Abdellatif Laâbi, Le fond de la jarre
Roman de maturité, affirmait Abdellatif Laâbi quand on lui demandait pourquoi il ne l'avait pas écrit plus tôt, alors qu'il le portait en lui depuis des années. D'une maturité apaisée, débarrassée des douleurs qui encombraient sa vie au sortir de la prison : plus de huit années d'enfermement ! Il fallait bien finir par oublier les souffrances, reprendre le chemin. Celui de la poésie essentiellement, répondre à son appel.
Roman largement autobiographique, Le fond de la jarre tient tout entier dans un minuscule espace : celui d'un quartier, un seul, de la Médina de Fès. Symboliquement, il reste comme une trace de la prison : le quartier est fermé par un lourd portail, clos derrière un mur d'enceinte, s'offrant comme une immense cour à l'aplomb de laquelle le ciel ouvre démesurément ses promesses.
La Médina de Fès n'est plus, dans ce roman, éprise d'ombres et d'amertume. Elle n'est plus cet espace indigne qui habitait les poèmes d'avant les années 2000. Abdellatif Laâbi s'est réconcilié avec le lieu de ses origines, se réconcilie plutôt, là, dans l'écriture de cette très douce fiction autobiographique, avec lui-même et les lieux de son enfance.

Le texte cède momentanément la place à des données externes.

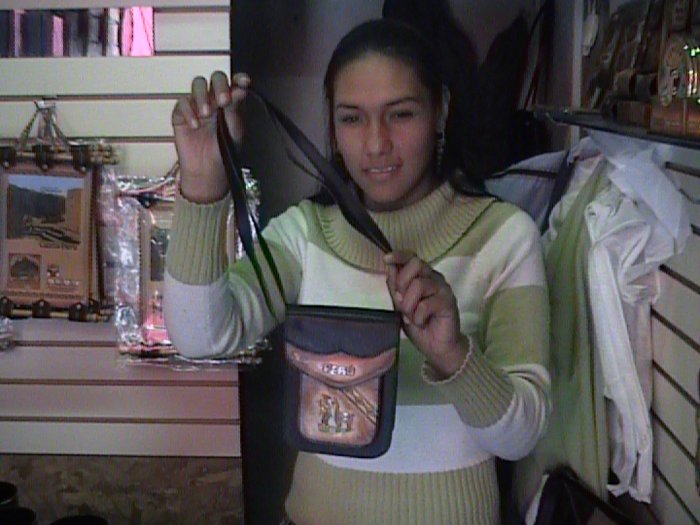 NEW WOMENS SMALL LEATHER PURSE,HANDBAG FROM PERU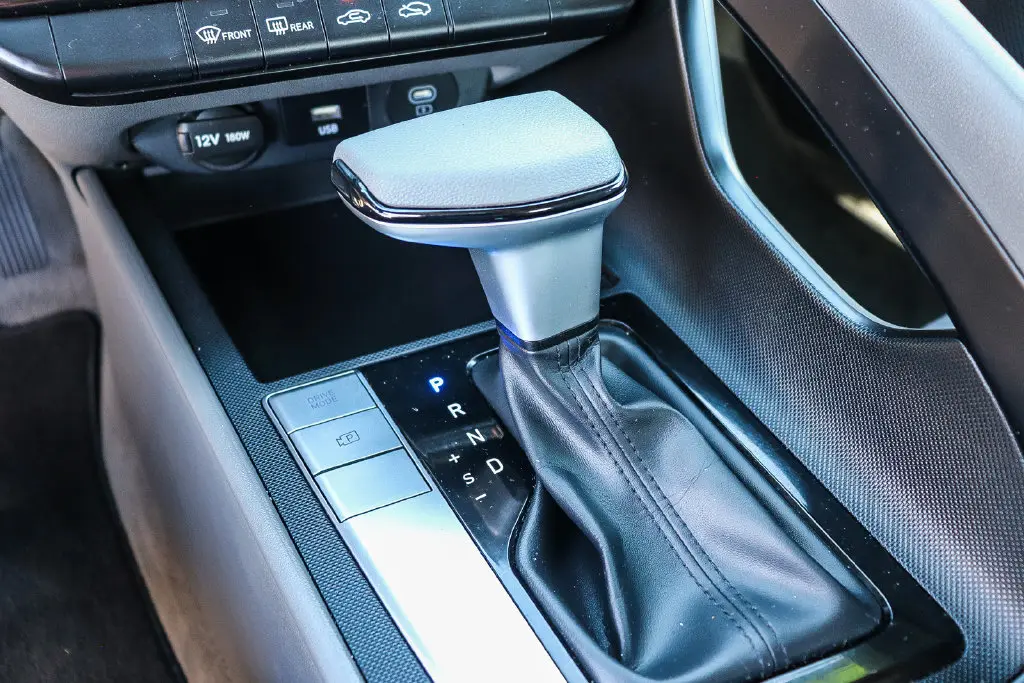 2024 Hyundai Elantra - $19,495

Namouss a sept ou huit ans. Il nous guide dans son monde à lui, qui emprunte à la Médina les parures de ses visions. Tout est vrai, tout est fabriqué, la fiction l'emporte même si tout fut vraiment comme ce qu'il nous en confie. Et bien en-deçà. Car c'est par les yeux de Namouss que nous découvrons cette Médina, débarrassée de ses clichés, de ses tropes orientalistes. Les yeux qui nous la donnent à voir sont ceux de l'aventure, ceux de l'enfant découvrant dans son monde le monde qu'il va étreindre à gorge déployée. Le récit ne commence-t-il pas sur un immense éclat de rire ? Namouss n'est pas un « témoin », au sens où il n'est pas ce martyr que l'étymologie grecque du mot contraint. Namouss est l'innocence, l'imagination, la rêverie qui soustrait le monde à son abjection doctrinale. Le fond de la jarre n'est ainsi pas un roman pittoresque, exotique, pas même militant, juste un regard posé sur un premier matin du monde. Une œuvre d'emblée savoureuse qui navigue au près de nos enfances, à travers le quotidien d'une famille d'un quartier populaire. Le ton est celui de la réjouissance. La force de l'évocation est celle de la poésie qui caracole plutôt qu'elle ne lanterne à la remorque d'un usage couleur locale de la Médina. Un seul quartier de cette Médina. Et ce minuscule quartier, sous la force du verbe, devient immense : le terrain d'un apprentissage singulier mais au fond universel, celui des mondes imaginaires dont chaque être doit peupler le monde pour le faire sien. C'est donc par la langue, bien sûr, ce seul Eden, qu'Abdellatif Laâbi nous offre son aventure, notre aventure commune. L'enfance est lieu d'errance : la langue d' Abdellatif Laâbi vagabonde donc. C'est par elle que le récit se fait savoureux. Une langue que Namouss découvre sur les bancs de l'école, incongrue, déjà une jouissance, mais qui ne serait rien s'il ne l'avait habillée de tellement d'autres langues : ces langues perdues et retrouvées sous la palette du poète qu'est Abdellatif Laâbi.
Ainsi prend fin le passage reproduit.